Mr Dunlop said the charity had knowledge of all three, one of whom was among the two teenagers who died in Her Majesty's Young Offenders Institute Polmont in January. The other was a young woman who took her own life over the festive period.
While Blake's death appears to have been an accident, questions need to be asked about why he felt the need to run away and why so many young people with experience of the care system feel a lack of belonging in society, he said.
“Statistics and news headlines tell us that something is wrong but they don’t tell us why," he said. "Care experienced people are more likely to die younger.
"Young people tell us time and again that they want stable, loving relationships.
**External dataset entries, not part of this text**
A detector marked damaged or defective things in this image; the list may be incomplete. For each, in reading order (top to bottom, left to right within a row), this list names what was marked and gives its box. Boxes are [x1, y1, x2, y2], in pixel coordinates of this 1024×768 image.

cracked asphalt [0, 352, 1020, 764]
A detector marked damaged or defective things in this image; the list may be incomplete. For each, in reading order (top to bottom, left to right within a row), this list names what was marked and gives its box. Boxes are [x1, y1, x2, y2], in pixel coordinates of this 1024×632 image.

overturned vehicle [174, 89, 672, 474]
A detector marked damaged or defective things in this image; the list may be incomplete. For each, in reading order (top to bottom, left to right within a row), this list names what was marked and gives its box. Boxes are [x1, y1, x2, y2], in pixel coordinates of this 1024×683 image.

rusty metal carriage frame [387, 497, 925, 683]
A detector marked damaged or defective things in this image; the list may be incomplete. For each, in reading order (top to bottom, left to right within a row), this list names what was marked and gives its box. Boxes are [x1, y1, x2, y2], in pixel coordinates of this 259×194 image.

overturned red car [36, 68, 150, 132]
They tell us that they want a say in the things that happen to them. "And they often tell us that a life in care hasn’t offered them that."
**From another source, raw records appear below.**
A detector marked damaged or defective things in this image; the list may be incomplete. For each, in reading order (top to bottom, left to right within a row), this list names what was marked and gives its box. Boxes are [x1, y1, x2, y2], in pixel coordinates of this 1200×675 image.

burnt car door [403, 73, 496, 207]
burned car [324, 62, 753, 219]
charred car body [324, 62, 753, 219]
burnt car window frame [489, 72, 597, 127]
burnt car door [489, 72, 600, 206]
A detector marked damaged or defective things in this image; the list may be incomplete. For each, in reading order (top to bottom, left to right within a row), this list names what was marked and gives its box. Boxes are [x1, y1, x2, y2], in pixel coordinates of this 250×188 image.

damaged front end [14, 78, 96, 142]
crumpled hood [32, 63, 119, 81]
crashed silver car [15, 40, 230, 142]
By last night, around £1500 had been donated to an online fund set up to help pay for a funeral for Blake Ross, whose death is being treated by police as unexplained.
The appeal says he died from a cardiac arrest and had left St Katharine's [corr] Centre a council residential unit in Howdenhall without his diabetes medication.
His death will be probed by the Police Investigations and Review Commissioner, which offers independent scrutiny of the most serious incidents involving the police, while the council is to commission a significant case review.
Yesterday his former foster carers Jennifer and Jack Savage, of South Queensferry described Blake as "kind and caring". They had to stop looking after him due to illness, Mrs Savage said, but he had stayed in touch. "He was with us around three years ago, but we couldn't look after him any more because I had cancer," she said.
"He always wanted to come back and stay with us. When he would phone us he would say 'I can come back and look after you instead', but that was just how kind he was," she added. "He was a lovely wee boy." She said Blake had understood the seriousness of his diabetes but the condition had been difficult to manage.
Meanwhile Who Cares? will also raise the case with First Minister Nicola Sturgeon, who is due to visit the charity on Friday ahead of a much anticipated review of the system for looking after children in care.
Mr Dunlop added: "The First Minister has announced a root and branch review of care in Scotland. This is a critical moment. The review will seek to understand how we offer love and long term relationships to young people in care.
"The news today is a sobering reminder as to why it is necessary. Unfortunately, it will have come too late for some. If we do not hear the care experienced voice throughout the review, we will miss the opportunity to create the change that the news today tells us is desperately needed.”